In my mind the games that fuse their mechanics with their narrative, or even better tell their narrative via the mechanics and visuals are the best forms of video games. You can force a story down a players throat, give them fully cinematic voice acted cutscenes, but really that's just a slightly interactive movie. On the other end of that spectrum, you can give them the barebones of a story, put them into a place and time, give them some pointers and let them go. The story is theirs at that point, they can fill in the details as needs be.

PREPARE FOR A LORE DUMP

In my mind, Exoloper is an anticapital / anticolonial statement piece. You have this invading force, the Commonwealth, who rock up to your home system, kick your people out and mine the ever living heck out of it. In Interloper you reconquered the solar system, in Exoloper, you're taking back your home planet, and you do this sector by sector, campaign by campaign, slowly but surely one bit at a time. By tearing down every building, by ripping up their infrastructure, by cutting down their forces, by literally stepping on them.

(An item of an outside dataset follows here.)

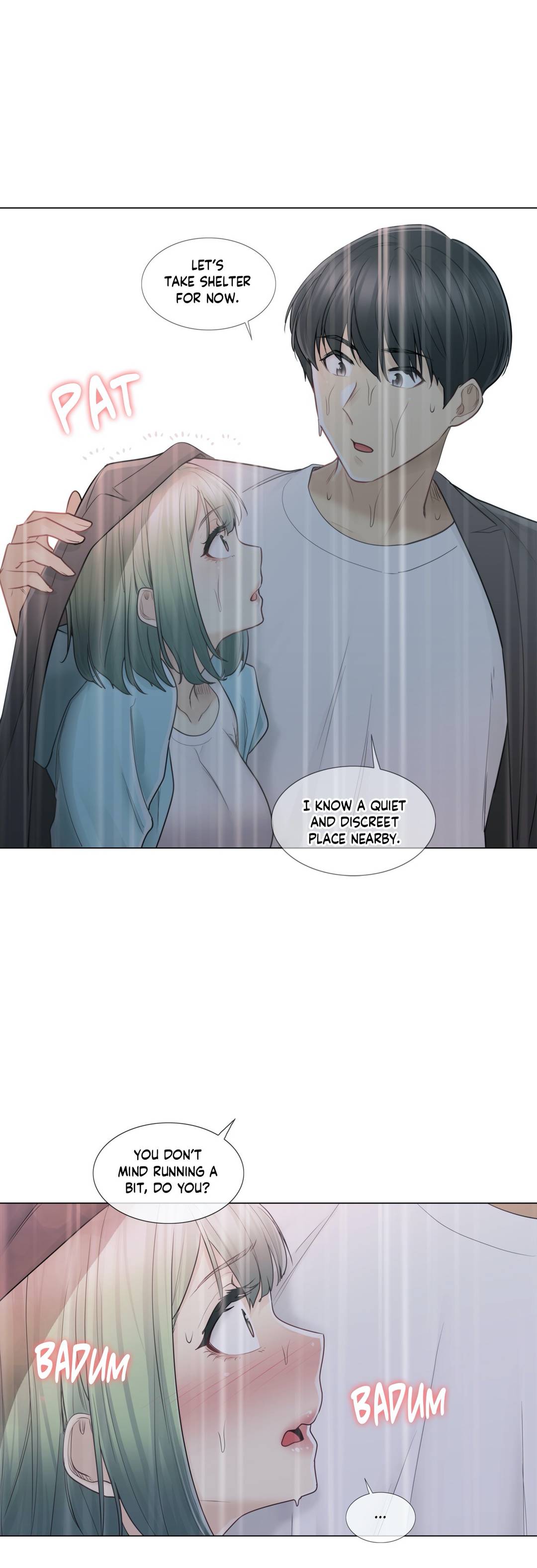 Watch image manhwa Touch On - Chapter 51 - 8oGnb0AypZveDHl - ManhwaXX.net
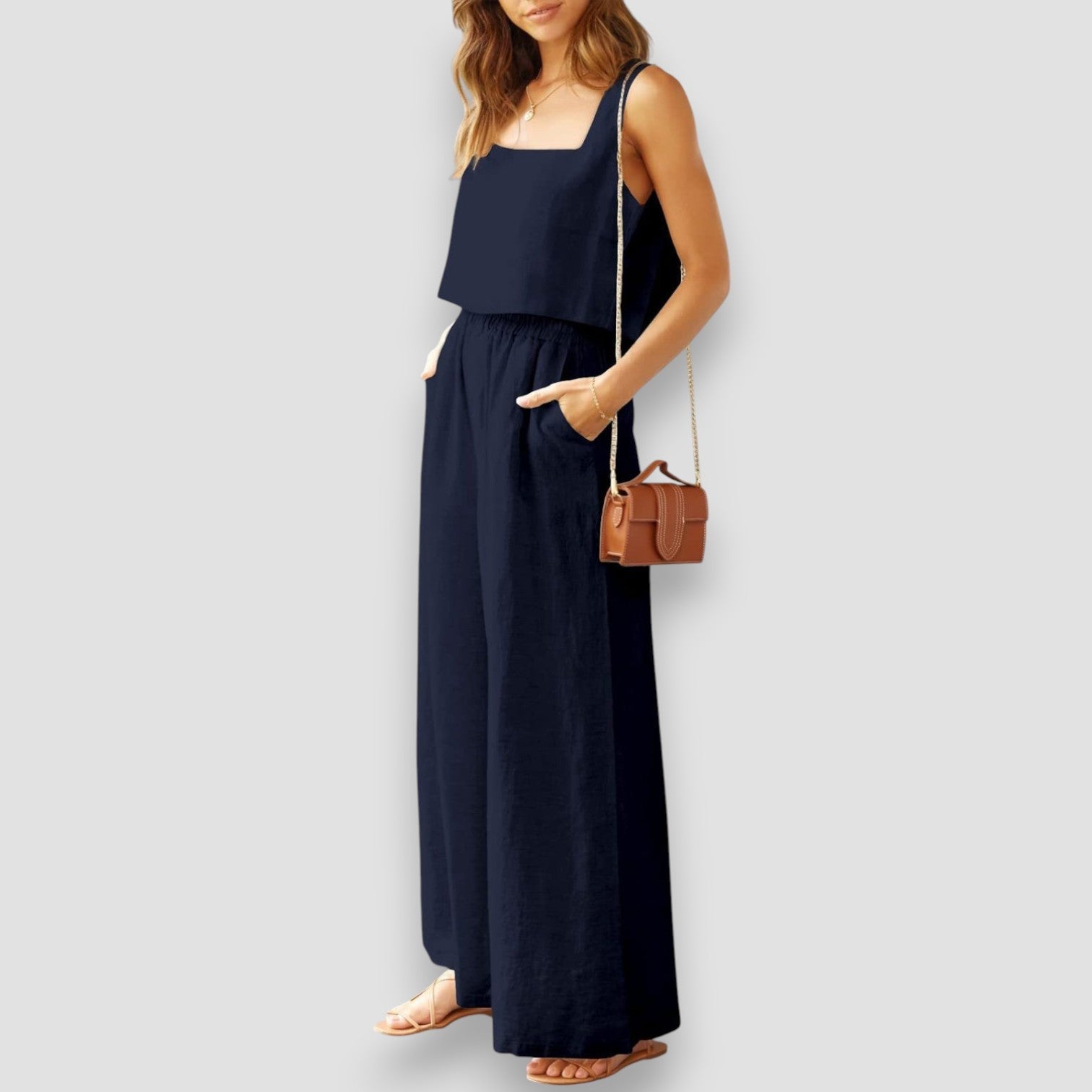 Allegra | Coordinato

But that doesn't have to be the story for the players of the game. I hint at it, I'll drop pointers to it throughout the game, but I won't explicitly tell them because of two reasons. 1) I'd like them to feel it and 2) The story is their responsibility, its theirs to tell, they are the players.

It's all a balancing act. Something I'm sure I won't get right this time around, but something I know I'm getting better at with each new game.

By the way, Its still amazing to me what some art can do to a greybox level.